## [Collected data]
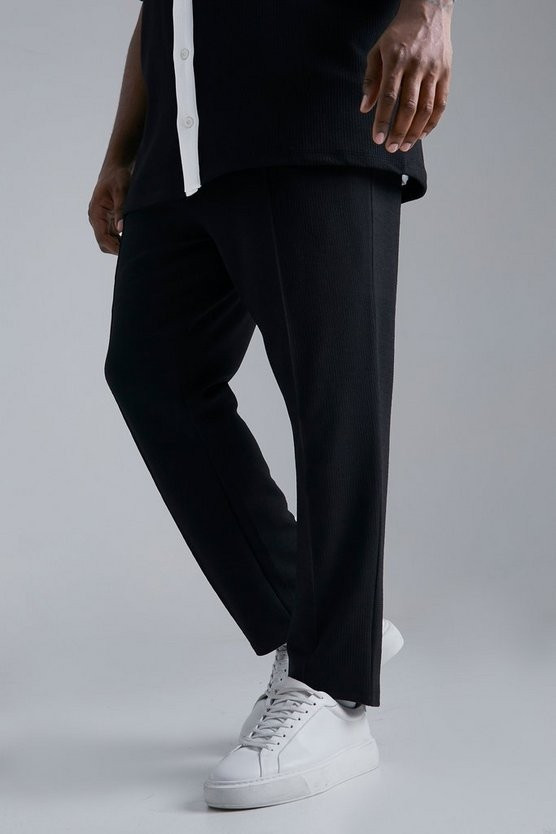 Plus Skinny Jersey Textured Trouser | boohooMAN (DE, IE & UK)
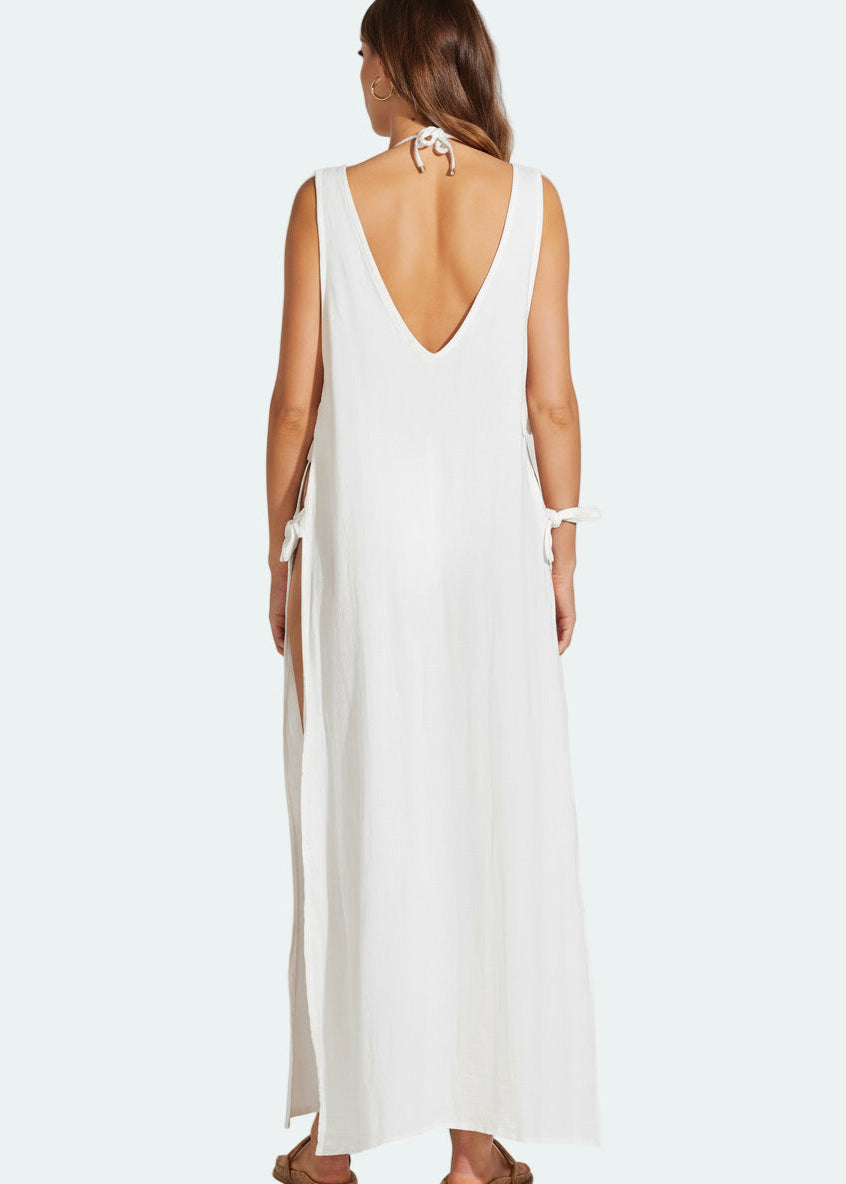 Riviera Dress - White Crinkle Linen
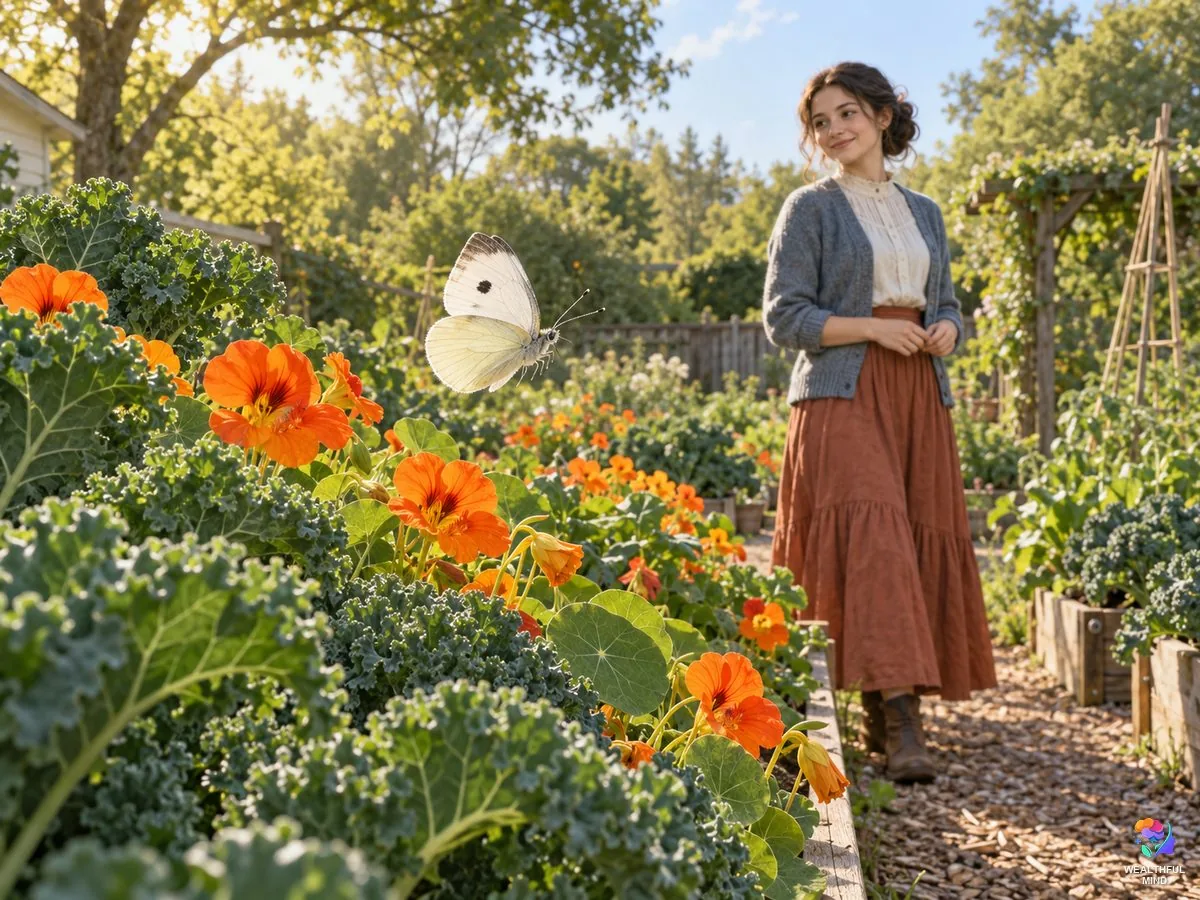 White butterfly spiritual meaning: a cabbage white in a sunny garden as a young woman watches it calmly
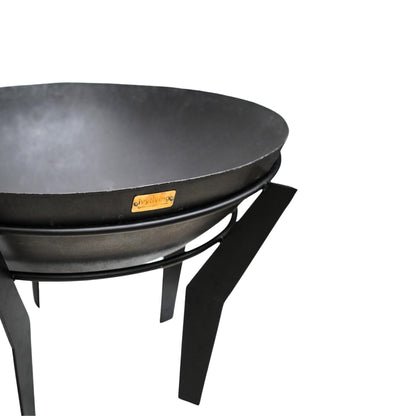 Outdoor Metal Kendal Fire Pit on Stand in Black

## [Problem to work on]
Your reply should hold every line of the material, unaltered, and not one picture.

## [Output for this task]
 Plus Skinny Jersey Textured Trouser | boohooMAN (DE, IE & UK)
 Riviera Dress - White Crinkle Linen
 White butterfly spiritual meaning: a cabbage white in a sunny garden as a young woman watches it calmly
 Outdoor Metal Kendal Fire Pit on Stand in Black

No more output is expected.